There are $\binom53$ ways to choose which $3$ candidates come equal first. Since $5\cdot8=40$, their score must be at least $9$, and it can obviously be at most $13$. Now make a little table:
$\begin{array}{c|l} \text{Top vote}&\text{Remaining votes}\\ \hline 9&8,5;\quad7,6\\ 10&9,1;\quad8,2;\quad7,3;\quad6,4;\quad5,5\\ 11&7,0;\quad6,1;\quad5,2;\quad4,3\\ 12&4,0;\quad3,1;\quad2,2\\ 13&1,0 \end{array}$
If the top vote is $9$, the remaining votes must have been split either $8,5$ or $7,6$. That’s $2$ possibilities, and each can happen in $2$ ways, depending on which of the remaining two voters gets the larger number of votes. Thus, there are $\binom53\cdot2\cdot2=40$ ways to get the vote totals $9,9,9,8,5$ and $9,9,9,7,6$, corresponding to the $40$ distinguishable permutations of those five numbers.

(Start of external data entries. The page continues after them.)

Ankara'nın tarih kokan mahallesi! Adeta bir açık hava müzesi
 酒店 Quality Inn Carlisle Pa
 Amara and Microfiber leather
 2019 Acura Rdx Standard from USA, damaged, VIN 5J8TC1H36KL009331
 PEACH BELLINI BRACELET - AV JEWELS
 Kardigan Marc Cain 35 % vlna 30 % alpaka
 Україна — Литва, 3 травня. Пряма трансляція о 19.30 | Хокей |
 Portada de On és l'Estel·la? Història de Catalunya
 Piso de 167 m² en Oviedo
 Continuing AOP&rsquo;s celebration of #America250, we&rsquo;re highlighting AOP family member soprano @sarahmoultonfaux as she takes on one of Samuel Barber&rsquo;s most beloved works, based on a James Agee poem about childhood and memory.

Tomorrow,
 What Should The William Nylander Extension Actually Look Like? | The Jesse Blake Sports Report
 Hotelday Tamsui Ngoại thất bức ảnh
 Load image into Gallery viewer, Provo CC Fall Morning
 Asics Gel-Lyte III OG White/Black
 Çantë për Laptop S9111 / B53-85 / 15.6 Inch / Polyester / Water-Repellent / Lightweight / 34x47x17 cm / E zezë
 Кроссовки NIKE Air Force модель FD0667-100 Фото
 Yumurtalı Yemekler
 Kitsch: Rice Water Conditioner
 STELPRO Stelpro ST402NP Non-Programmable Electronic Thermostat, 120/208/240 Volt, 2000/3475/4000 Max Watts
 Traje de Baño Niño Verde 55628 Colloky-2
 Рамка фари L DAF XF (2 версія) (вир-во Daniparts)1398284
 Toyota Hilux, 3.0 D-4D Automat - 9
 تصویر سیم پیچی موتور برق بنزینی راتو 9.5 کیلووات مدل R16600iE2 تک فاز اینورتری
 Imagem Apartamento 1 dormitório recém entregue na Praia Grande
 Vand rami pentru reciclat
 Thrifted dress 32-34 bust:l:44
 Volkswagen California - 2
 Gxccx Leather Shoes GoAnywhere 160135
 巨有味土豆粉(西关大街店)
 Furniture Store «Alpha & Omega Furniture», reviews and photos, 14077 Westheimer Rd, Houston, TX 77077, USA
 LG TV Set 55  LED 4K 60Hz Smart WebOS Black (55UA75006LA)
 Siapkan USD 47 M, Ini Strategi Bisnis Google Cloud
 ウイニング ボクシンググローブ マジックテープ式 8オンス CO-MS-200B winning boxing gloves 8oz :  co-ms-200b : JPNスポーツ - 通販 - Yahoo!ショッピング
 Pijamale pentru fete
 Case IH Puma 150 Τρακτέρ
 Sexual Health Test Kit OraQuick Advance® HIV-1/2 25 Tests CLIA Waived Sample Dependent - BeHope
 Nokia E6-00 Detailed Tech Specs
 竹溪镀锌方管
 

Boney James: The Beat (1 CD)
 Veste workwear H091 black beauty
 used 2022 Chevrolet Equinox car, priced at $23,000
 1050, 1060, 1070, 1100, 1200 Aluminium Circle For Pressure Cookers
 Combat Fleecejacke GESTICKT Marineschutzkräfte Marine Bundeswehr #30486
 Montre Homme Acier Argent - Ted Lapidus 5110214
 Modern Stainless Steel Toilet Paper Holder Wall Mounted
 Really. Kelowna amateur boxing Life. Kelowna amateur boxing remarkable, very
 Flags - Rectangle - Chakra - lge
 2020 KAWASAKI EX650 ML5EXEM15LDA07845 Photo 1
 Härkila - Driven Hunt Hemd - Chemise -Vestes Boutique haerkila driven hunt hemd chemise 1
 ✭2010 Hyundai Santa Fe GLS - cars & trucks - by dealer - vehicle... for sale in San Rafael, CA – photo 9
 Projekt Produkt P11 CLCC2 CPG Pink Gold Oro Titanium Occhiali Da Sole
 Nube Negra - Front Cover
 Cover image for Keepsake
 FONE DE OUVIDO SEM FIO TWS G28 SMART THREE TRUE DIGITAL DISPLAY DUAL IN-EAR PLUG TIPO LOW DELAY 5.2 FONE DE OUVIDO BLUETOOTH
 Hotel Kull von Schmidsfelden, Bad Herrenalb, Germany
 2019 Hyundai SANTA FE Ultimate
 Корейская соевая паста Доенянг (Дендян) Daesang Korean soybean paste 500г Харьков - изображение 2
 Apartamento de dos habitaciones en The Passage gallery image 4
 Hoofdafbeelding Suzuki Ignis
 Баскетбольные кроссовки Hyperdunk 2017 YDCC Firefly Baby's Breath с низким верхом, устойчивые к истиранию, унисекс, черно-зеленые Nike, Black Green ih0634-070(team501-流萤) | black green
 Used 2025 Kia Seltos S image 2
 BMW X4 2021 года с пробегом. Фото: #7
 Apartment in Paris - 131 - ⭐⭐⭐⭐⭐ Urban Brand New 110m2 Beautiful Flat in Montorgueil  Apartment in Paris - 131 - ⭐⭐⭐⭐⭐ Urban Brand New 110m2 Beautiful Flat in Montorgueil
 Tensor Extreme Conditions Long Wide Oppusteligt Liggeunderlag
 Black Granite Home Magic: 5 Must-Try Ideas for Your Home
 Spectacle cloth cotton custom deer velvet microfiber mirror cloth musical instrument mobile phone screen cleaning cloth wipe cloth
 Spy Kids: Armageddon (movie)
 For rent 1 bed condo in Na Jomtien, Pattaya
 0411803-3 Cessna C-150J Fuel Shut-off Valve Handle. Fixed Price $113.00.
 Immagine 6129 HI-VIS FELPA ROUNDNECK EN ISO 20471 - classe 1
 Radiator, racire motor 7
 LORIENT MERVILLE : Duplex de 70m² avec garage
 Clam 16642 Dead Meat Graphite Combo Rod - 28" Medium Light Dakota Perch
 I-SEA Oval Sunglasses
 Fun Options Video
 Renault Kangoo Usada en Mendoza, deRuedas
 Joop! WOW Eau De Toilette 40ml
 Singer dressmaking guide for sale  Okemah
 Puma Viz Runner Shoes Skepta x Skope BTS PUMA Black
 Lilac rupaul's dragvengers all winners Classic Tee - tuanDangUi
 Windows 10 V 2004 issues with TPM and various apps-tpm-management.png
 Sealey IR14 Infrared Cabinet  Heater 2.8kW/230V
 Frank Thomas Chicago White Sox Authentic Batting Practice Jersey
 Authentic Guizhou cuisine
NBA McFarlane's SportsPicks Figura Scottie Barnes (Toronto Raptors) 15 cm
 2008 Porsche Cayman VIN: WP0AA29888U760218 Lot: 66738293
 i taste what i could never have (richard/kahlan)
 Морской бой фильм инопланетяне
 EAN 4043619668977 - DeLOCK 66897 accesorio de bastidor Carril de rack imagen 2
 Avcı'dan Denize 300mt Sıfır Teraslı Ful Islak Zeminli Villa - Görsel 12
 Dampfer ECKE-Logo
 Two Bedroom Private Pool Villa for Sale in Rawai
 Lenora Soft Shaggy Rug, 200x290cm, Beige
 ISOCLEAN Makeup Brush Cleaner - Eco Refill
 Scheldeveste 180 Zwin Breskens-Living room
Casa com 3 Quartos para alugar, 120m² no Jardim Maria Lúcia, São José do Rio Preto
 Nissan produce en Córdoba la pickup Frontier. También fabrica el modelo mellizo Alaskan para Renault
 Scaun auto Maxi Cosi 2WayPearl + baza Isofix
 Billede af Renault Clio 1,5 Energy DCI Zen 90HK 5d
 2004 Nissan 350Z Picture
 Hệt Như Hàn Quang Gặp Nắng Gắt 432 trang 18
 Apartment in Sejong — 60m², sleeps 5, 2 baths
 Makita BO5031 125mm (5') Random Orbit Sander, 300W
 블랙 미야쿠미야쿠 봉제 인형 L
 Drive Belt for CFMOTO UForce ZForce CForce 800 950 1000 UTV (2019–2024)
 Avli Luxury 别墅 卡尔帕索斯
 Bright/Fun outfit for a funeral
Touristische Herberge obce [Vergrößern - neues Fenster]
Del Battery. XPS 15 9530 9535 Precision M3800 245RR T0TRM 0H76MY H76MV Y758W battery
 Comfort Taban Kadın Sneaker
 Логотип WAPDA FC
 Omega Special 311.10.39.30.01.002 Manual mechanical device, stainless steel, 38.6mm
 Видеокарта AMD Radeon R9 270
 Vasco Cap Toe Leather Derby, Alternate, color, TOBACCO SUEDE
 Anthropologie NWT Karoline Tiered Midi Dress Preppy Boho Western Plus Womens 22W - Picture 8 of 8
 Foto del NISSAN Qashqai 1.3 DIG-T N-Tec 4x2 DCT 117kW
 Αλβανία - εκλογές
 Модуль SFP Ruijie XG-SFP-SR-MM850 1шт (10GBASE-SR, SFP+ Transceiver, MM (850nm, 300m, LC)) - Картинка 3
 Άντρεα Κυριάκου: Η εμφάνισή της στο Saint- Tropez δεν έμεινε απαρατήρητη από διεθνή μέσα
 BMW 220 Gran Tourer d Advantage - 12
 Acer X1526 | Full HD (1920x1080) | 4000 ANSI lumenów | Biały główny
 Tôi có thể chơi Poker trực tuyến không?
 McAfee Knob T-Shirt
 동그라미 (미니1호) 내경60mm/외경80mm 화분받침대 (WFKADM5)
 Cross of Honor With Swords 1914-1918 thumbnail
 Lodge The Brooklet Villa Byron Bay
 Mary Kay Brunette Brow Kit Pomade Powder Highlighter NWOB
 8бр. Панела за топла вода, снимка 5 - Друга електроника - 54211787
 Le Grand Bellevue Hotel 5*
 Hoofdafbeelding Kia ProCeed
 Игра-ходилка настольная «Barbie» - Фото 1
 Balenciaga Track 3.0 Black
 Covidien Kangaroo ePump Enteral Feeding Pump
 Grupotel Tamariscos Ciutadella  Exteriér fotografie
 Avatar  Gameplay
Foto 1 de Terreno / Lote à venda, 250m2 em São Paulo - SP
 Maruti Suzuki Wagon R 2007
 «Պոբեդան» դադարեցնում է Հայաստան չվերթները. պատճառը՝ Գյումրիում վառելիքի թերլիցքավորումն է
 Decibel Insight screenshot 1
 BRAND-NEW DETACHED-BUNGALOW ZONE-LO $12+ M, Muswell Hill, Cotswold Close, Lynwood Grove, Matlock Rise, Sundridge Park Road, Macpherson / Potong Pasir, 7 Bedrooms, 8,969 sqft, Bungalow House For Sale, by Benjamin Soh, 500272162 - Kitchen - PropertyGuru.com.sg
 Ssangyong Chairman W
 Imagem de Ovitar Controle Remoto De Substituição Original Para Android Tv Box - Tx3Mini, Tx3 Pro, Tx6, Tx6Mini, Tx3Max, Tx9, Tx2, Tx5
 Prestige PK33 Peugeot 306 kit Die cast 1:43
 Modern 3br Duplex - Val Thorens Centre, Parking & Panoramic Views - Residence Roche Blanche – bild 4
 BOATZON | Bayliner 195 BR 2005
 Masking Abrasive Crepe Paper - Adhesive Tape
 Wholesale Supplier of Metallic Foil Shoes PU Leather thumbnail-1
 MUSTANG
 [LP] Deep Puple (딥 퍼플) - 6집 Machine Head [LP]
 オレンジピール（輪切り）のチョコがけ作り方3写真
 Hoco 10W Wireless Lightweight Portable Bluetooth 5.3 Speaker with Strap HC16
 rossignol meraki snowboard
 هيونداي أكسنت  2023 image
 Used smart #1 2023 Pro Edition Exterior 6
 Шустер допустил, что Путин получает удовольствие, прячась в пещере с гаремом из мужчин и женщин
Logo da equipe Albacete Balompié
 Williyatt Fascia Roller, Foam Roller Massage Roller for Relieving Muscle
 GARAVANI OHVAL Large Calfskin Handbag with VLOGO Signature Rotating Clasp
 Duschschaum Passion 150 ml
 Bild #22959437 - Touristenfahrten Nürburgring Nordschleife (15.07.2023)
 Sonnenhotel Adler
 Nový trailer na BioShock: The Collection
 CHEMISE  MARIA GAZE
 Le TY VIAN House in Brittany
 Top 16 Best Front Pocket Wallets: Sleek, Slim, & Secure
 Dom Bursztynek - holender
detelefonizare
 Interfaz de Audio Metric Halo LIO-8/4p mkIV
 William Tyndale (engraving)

If the top vote is $11$, there are $4$ different ways to split the remaining $7$ votes into two parts, and each of those can be assigned to the other two candidates in either order, so there are $\binom53\cdot4\cdot2=80$ ways to get three vote totals of $11$ and two more adding up to $7$.
That’s two of the five cases; the other three can be done similarly, so I’ll leave them for you to try.